2014-04-18 Thread Dave Taht
> The specific thing I've been concerned about was not the probability of
> a dns loss, although as you note the consequences are huge -
> but the frequency and cost of a cache miss and the resulting fill.
>
> This is a very simple namebench test against the alexa top 1000:
>
> http://snapon.lab.bufferbloat.net/~d/namebench/namebench_2014-03-20_1255.html
>
> This is a more comprehensive one taken against my own recent web history file.
>
> http://snapon.lab.bufferbloat.net/~d/namebench/namebench_2014-03-24_1541.html
>
> Both of these were taken against the default SQM system in cerowrt
> against a cable modem, so you can
> pretty safely assume the ~20ms (middle) knee in the curve is basically
> based on physical
> RTT to the nearest upstream DNS server.
>
> And it's a benchmark so I don't generally believe in the relative hit
> ratios vs a vs "normal traffic", but do think the baseline RTT, and
> the knees in the curves in the cost of a miss and file are relevant.
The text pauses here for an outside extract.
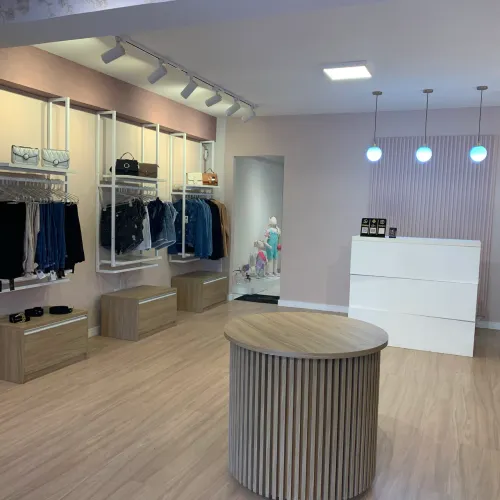 Móveis loja boutique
To be utterly clear here, the ~20ms knee in this data is a variable dependent
on the RTT to the nearest upstream DNS server. Most - nearly all -
ISPs - have a hefty dns server in their co-location facility, but the
baseline physical RTT is dependent on the actual technology in use.
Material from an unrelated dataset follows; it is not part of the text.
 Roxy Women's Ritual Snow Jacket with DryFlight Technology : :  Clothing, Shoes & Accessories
The actual RTT of an query is dependent on the outstanding queue
length in a single queue AQM, unless otherwise prioritized. If prioritized
(cerowrt's 3 band system does this for queries coming from the router)
I imagine the packet loss rate drops hugely, also.

To give an extreme example of the DNS rtt problem, dns lookups over
satellite links take
800+ms, and this is one reason why web proxy servers are so common
in such environments as the whole query is shipped to a local-to-the-internet
proxy server so as to avoid this rtt cost. This technique is of increasingly
limited value in an age of e2e encryption.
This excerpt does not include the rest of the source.